Judith Butler, Parting Ways: Jewishness and the Critique of ZionismJudith Butler’s appearance last week at an event at Brooklyn College with Boycott Divestment and Sanctions (BDS) Movement campaigner Omar Barghouti elicited controversy regarding both Israeli policies and the limits or threats to academic freedom.

In her recently published book Parting Ways: Jewishness and the Critique of Zionism, Butler engages a Jewish philosophical positions to articulate a critique of political Zionism. Butler has also been a supporter of the BDS movement and the event drew protestations from Alan Dershowitz, several New York City Council members, the New York Daily News , and a variety of Pro-Israel groups, who called for the event to be cancelled. Going further, several Council members threatened funding to Brooklyn College if the event was held.

This in turn led a diverse group of people and institutions, ranging from Mayor Bloomberg to the MLA, who supported Brooklyn College’s right to hold the event. To not hold it, they argued, would be a threat to academic freedom.

The Nation has published Butler’s remarks at Brooklyn College in full. In the following excerpt, Butler comments on the controversy:

The arguments made against this very meeting took several forms, and they were not always easy for me to parse. One argument was that BDS is a form of hate speech, and it spawned a set of variations: it is hate speech directed against either the State of Israel or Israeli Jews, or all Jewish people. If BDS is hate speech, then it is surely not protected speech, and it would surely not be appropriate for any institution of higher learning to sponsor or make room for such speech. Yet another objection, sometimes uttered by the same people who made the first, is that BDS does qualify as a viewpoint, but as such, ought to be presented only in a context in which the opposing viewpoint can be heard as well. There was yet a qualification to this last position, namely, that no one can have a conversation on this issue in the US that does not include a certain Harvard professor, but that spectacular argument was so self-inflationary and self-indicting, that I could only respond with astonishment.

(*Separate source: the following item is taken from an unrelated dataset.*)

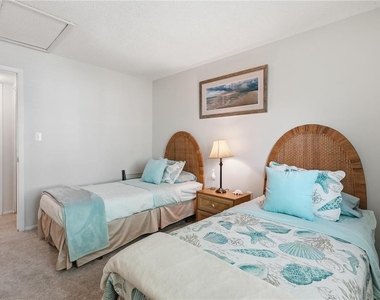 240 Cypress Lane - Photo Thumbnail 15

So in the first case, it is not a viewpoint (and so not protected as extra-mural speech), but in the second instance, it is a viewpoint, presumably singular, but cannot be allowed to be heard without an immediate refutation. The contradiction is clear, but when people engage in a quick succession of contradictory claims such as these, it is usually because they are looking for whatever artillery they have at their disposal to stop something from happening. They don’t much care about consistency or plausibility.

Many critics of BDS have called the organization anti-Semitic and in the following excerpt, Butler addresses that argument in the following:

Only if we accept the proposition that the state of Israel is the exclusive and legitimate representative of the Jewish people would a movement calling for divestment, sanctions and boycott against that state be understood as directed against the Jewish people as a whole. Israel would then be understood as co-extensive with the Jewish people. There are two major problems with this view. First, the state of Israel does not represent all Jews, and not all Jews understand themselves as represented by the state of Israel. Secondly, the state of Israel should be representing all of its population equally, regardless of whether or not they are Jewish, regardless of race, religion or ethnicity.

[T]he Jewish people extend beyond the state of Israel and the ideology of political Zionism. The two cannot be equated. Honestly, what can really be said about “the Jewish people” as a whole? Is it not a lamentable stereotype to make large generalizations about all Jews, and to presume they all share the same political commitments? They—or, rather, we—occupy a vast spectrum of political views, some of which are unconditionally supportive of the state of Israel, some of which are conditionally supportive, some are skeptical, some are exceedingly critical, and an increasing number, if we are to believe the polls in this country, are indifferent. In my view, we have to remain critical of anyone who posits a single norm that decides rights of entry into the social or cultural category determining as well who will be excluded.